Minister of Humanitarian and Disaster Management
- In office 29 March 2017 – 15 November 2017
- President: Mohamed Abdullahi Mohamed
- Prime Minister: Hassan Ali Khaire
- Preceded by: Position established
- Succeeded by: Hamza Ahmed Hamza

Chairperson of Tayo Political Party
- Incumbent
- Assumed office 2 April 2012
- Preceded by: Position established

Minister for Human Development and Public Services of Somalia
- In office 4 November 2012 – 17 January 2014
- President: Hassan Sheikh Mohamud
- Prime Minister: Abdi Farah Shirdon
- Succeeded by: Ahmed Mohamed Gurase Duale Adan Mohamed Ahmed Mohamed Mohamud Lugman Ismail Ali Khadijo Mohamed Diriye Khalid Omar Ali

Personal details
- Party: Tayo Political Party

= Maryam Qaasim =

Somali politician

Maryam Qaasim (Maryam Qaasim Axmed, مريم قاسم) is a Somali politician. She served as the Minister for Human Development and Public Services of Somalia from November 2012 to January 2014. She is also the Chairperson of the Tayo Political Party. On 21 March 2017, she was appointed as the Minister of Humanitarian and Disaster Management by the Prime Minister Hassan Ali Khaire.

==Background==
Qaasim was born to a family from the Barwani (Bravanese) clan.

She is a medical doctor by training.

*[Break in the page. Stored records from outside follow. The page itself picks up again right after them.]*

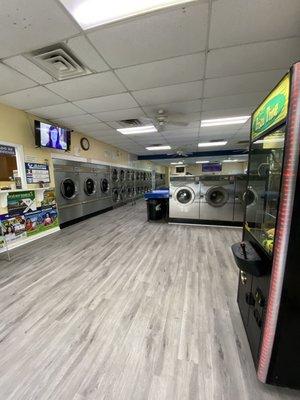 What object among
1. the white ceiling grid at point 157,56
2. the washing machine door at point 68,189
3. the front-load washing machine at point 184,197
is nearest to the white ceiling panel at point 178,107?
the white ceiling grid at point 157,56

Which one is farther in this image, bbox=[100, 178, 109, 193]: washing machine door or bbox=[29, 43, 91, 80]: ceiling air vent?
bbox=[100, 178, 109, 193]: washing machine door

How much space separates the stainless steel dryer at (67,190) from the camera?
187 inches

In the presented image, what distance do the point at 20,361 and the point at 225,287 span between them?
2.11 meters

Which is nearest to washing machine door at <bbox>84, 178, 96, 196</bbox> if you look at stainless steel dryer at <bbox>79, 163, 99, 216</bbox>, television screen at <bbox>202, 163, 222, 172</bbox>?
stainless steel dryer at <bbox>79, 163, 99, 216</bbox>

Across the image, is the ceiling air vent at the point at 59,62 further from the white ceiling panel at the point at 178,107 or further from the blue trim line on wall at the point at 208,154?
the blue trim line on wall at the point at 208,154

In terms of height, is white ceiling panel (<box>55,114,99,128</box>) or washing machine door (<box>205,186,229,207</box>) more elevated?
white ceiling panel (<box>55,114,99,128</box>)

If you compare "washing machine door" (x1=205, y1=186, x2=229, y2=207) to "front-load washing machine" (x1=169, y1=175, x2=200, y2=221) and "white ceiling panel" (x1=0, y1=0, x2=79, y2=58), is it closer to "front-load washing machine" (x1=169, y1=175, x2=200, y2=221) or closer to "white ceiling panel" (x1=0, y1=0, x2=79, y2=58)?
"front-load washing machine" (x1=169, y1=175, x2=200, y2=221)

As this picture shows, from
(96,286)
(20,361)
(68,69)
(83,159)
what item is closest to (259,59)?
(68,69)

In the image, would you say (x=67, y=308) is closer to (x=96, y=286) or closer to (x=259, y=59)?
(x=96, y=286)

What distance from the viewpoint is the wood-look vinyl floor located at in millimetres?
1214

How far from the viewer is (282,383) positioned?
1.16 m

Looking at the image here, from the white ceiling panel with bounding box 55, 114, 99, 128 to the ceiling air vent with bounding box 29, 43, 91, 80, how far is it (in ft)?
5.58

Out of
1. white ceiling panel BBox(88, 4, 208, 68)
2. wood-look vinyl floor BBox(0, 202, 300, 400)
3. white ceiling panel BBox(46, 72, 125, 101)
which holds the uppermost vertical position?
white ceiling panel BBox(88, 4, 208, 68)

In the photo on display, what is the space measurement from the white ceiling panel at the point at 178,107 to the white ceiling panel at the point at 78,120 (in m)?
1.32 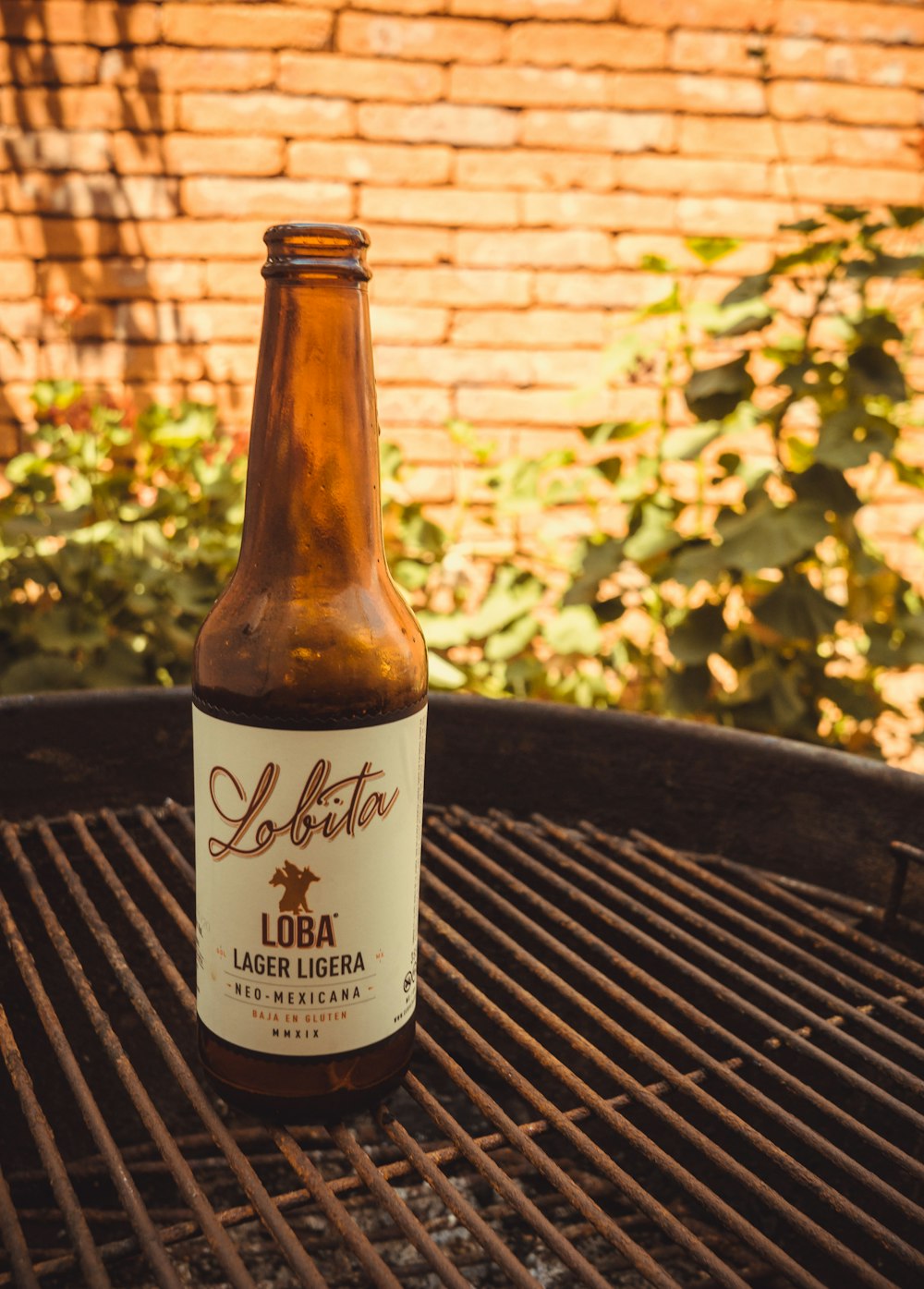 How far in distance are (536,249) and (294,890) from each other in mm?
2229

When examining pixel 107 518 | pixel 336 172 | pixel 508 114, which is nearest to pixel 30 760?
pixel 107 518

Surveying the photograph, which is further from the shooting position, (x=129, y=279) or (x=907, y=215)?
(x=129, y=279)

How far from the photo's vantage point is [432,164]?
253 cm

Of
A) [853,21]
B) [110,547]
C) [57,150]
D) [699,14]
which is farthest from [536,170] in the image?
[110,547]

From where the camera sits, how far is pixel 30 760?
44.0 inches

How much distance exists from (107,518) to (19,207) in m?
0.84

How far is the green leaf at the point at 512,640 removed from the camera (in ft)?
8.11

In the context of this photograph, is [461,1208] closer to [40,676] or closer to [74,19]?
[40,676]

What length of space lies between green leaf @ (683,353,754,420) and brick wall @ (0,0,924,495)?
76 centimetres

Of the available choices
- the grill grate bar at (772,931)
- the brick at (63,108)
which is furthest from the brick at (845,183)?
the grill grate bar at (772,931)

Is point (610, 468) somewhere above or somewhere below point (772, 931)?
above

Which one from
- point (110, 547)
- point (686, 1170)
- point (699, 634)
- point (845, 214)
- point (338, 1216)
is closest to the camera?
point (338, 1216)

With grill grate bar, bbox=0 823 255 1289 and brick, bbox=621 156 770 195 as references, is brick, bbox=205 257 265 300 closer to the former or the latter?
brick, bbox=621 156 770 195

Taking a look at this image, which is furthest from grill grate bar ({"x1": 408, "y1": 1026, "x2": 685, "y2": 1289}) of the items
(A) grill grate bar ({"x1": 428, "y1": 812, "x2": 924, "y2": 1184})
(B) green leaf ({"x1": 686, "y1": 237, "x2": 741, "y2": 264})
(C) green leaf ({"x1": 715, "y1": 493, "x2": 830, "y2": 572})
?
(B) green leaf ({"x1": 686, "y1": 237, "x2": 741, "y2": 264}) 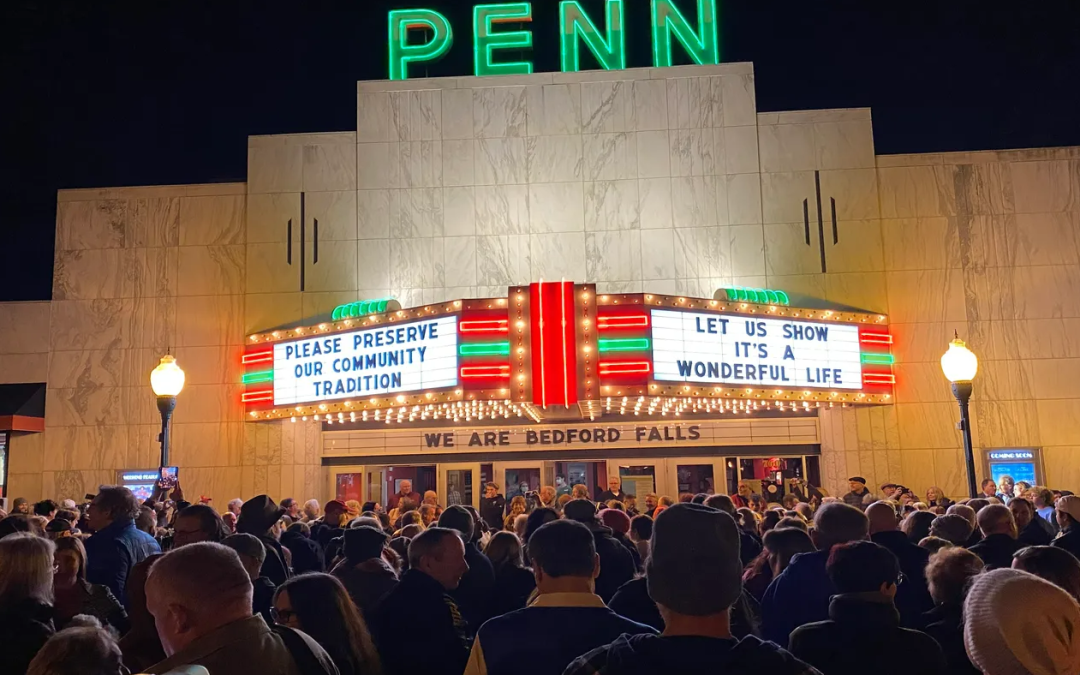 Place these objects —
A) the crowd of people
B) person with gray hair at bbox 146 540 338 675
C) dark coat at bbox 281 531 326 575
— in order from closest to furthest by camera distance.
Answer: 1. the crowd of people
2. person with gray hair at bbox 146 540 338 675
3. dark coat at bbox 281 531 326 575

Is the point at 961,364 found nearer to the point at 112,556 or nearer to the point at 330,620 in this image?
the point at 112,556

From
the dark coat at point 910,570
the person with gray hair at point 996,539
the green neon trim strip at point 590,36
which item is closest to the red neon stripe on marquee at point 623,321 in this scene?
the green neon trim strip at point 590,36

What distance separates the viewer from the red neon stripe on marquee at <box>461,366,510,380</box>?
18.3 metres

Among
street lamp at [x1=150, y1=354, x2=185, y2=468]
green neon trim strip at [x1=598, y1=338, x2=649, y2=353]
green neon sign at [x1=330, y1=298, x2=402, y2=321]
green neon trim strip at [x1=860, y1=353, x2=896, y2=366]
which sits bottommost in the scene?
street lamp at [x1=150, y1=354, x2=185, y2=468]

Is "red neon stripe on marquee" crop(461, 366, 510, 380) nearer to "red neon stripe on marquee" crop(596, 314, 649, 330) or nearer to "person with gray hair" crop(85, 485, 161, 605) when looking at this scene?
"red neon stripe on marquee" crop(596, 314, 649, 330)

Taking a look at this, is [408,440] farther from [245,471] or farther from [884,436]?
[884,436]

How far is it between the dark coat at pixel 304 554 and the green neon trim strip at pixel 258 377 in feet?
39.9

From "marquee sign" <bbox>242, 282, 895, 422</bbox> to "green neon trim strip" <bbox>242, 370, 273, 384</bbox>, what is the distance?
0.11ft

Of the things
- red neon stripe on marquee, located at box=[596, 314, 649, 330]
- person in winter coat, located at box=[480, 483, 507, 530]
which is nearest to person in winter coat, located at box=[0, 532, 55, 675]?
red neon stripe on marquee, located at box=[596, 314, 649, 330]

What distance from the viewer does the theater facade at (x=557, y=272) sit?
2228cm

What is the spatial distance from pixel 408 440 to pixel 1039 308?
15.4 m

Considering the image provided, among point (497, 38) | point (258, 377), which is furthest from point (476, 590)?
point (497, 38)

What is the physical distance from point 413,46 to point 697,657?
2322cm

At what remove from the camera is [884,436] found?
2211cm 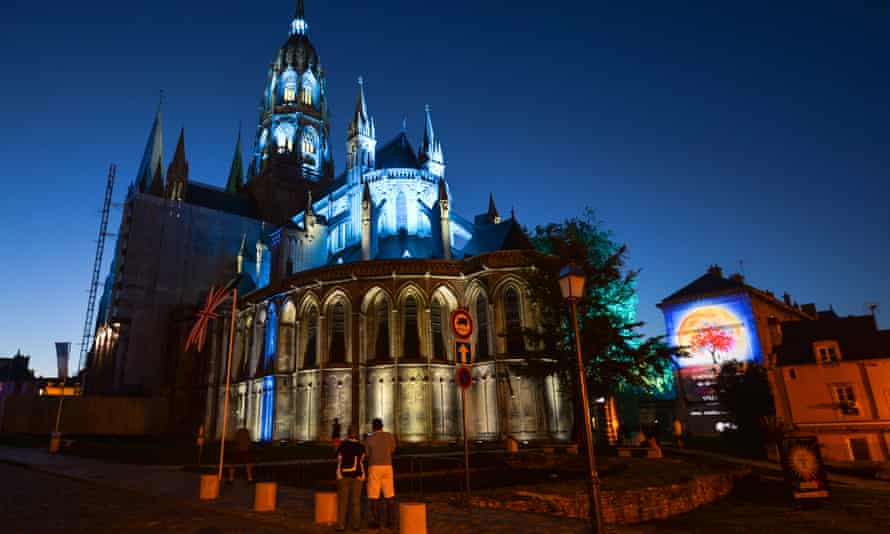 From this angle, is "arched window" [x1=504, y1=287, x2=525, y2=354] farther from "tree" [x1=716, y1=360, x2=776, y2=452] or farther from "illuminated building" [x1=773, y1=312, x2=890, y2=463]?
"illuminated building" [x1=773, y1=312, x2=890, y2=463]

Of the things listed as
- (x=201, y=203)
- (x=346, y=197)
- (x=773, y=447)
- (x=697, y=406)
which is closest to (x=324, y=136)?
(x=201, y=203)

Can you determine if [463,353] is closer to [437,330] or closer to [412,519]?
[412,519]

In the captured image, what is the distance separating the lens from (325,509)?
8273mm

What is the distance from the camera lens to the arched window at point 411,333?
32.7 m

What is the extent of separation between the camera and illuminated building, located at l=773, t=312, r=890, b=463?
3098 cm

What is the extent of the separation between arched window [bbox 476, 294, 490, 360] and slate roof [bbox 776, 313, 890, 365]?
19.4m

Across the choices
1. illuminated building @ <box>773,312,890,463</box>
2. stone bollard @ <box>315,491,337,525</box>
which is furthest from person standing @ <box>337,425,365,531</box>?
illuminated building @ <box>773,312,890,463</box>

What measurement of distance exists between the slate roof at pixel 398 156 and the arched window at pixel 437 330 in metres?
14.1

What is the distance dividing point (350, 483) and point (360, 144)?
39.9 meters

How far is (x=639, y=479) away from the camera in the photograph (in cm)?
1385

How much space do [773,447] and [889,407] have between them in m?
11.0

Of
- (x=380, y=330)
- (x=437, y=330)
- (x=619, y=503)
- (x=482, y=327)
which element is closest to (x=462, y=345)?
(x=619, y=503)

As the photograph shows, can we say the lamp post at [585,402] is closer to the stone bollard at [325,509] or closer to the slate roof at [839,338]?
the stone bollard at [325,509]

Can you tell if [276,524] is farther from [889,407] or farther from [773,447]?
[889,407] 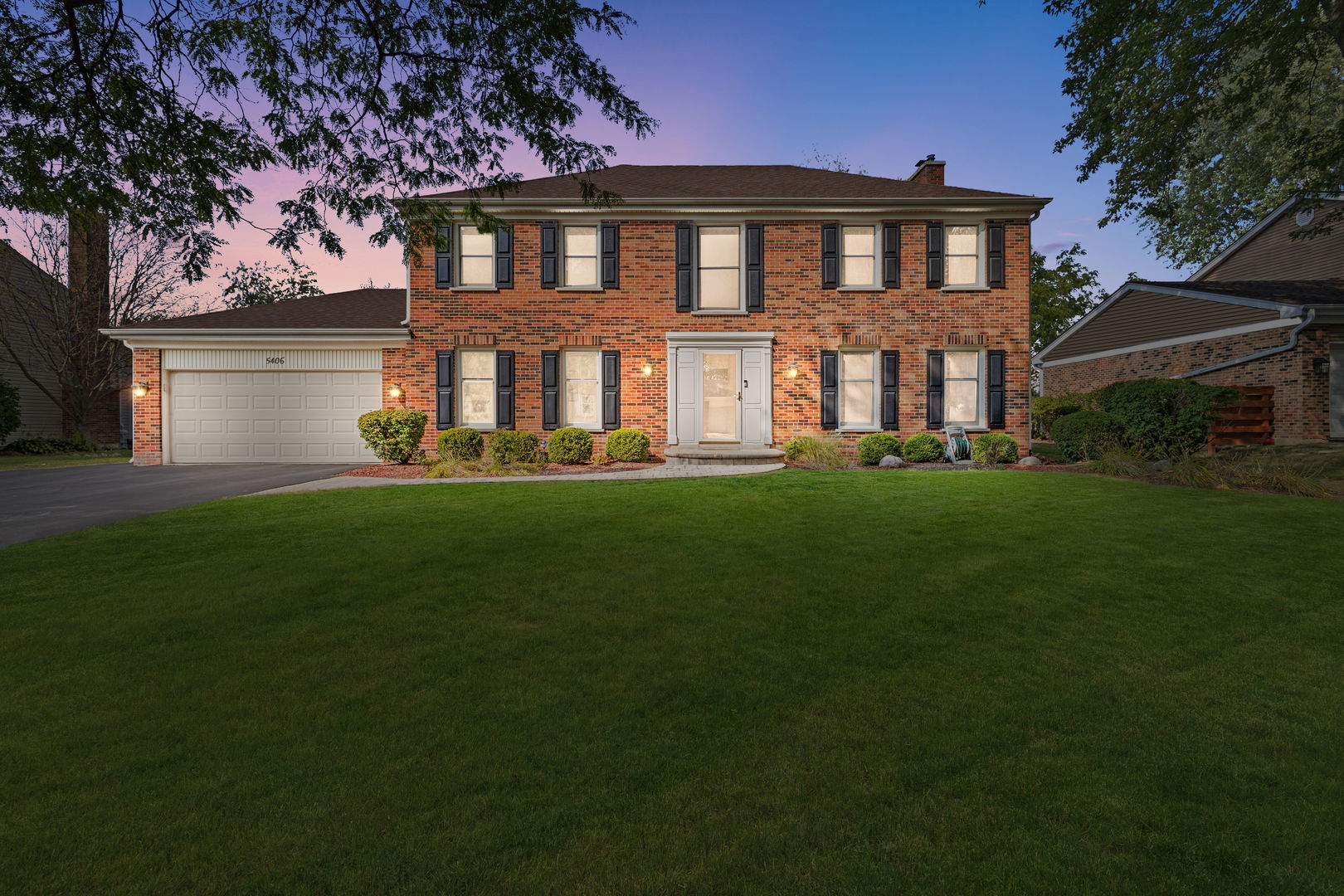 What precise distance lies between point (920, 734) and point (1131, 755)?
0.77m

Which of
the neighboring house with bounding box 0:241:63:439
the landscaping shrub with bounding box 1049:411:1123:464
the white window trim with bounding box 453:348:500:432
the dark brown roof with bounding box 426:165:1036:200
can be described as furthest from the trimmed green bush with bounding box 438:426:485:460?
the neighboring house with bounding box 0:241:63:439

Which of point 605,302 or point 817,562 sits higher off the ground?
point 605,302

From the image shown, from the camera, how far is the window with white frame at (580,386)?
14828mm

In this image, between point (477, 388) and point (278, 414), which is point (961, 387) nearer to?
point (477, 388)

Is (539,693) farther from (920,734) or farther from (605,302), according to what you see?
(605,302)

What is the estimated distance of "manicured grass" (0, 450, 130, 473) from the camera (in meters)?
14.9

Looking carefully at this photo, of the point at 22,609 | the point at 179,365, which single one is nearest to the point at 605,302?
the point at 179,365

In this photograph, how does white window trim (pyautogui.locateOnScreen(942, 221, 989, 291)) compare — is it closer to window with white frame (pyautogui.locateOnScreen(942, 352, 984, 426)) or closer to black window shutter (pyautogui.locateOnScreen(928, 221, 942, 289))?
black window shutter (pyautogui.locateOnScreen(928, 221, 942, 289))

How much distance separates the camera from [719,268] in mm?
14836

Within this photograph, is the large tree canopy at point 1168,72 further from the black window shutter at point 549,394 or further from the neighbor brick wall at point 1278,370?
the black window shutter at point 549,394

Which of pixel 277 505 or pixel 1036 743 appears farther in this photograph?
pixel 277 505

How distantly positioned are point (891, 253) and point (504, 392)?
31.1 ft

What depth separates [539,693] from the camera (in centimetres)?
294

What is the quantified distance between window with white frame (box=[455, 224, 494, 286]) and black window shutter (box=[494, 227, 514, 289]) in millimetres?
175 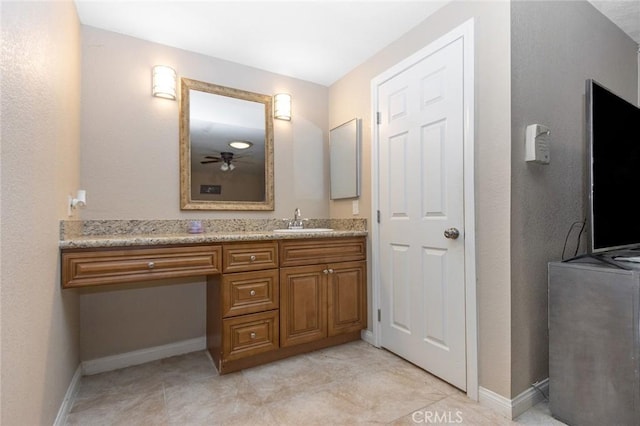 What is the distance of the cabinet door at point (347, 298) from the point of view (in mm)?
2324

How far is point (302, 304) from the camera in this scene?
220cm

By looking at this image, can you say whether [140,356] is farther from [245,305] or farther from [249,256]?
[249,256]

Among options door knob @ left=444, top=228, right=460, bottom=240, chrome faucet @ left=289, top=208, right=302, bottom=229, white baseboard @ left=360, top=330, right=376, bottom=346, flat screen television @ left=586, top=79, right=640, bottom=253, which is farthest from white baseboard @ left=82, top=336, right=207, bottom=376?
flat screen television @ left=586, top=79, right=640, bottom=253

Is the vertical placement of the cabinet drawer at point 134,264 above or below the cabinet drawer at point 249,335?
above

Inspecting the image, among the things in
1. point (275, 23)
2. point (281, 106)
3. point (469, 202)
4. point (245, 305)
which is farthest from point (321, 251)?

Qaasim previously served as an obstetrician and gynaecologist, living and working in various places, including Somalia, Yemen, the Netherlands and the United Kingdom.

Additionally, she was a university lecturer.

==Political career==

===Transitional Federal Government===
In a political capacity, Qaasim in 2010 acted as the Minister of Women's Development and Family Affairs in the Transitional Federal Government. She was a key part of Prime Minister Mohamed Abdullahi Mohamed (Farmajo)'s Cabinet.

===Tayo===
On 2 April 2012, Qaasim was elected the Chairperson of the Tayo Political Party (TPP). It is a Mogadishu-based political association that Farmajo had founded.

===Federal Government of Somalia===
====Appointment====
On 4 November 2012, she was named Minister of Social Development in the Federal Government of Somalia by Prime Minister Abdi Farah Shirdon. Officially termed the Minister for Human Development and Public Services, Qaasim's portfolio combines the Education, Health, Labour, Youth & Sports and Women & Social Affairs dockets.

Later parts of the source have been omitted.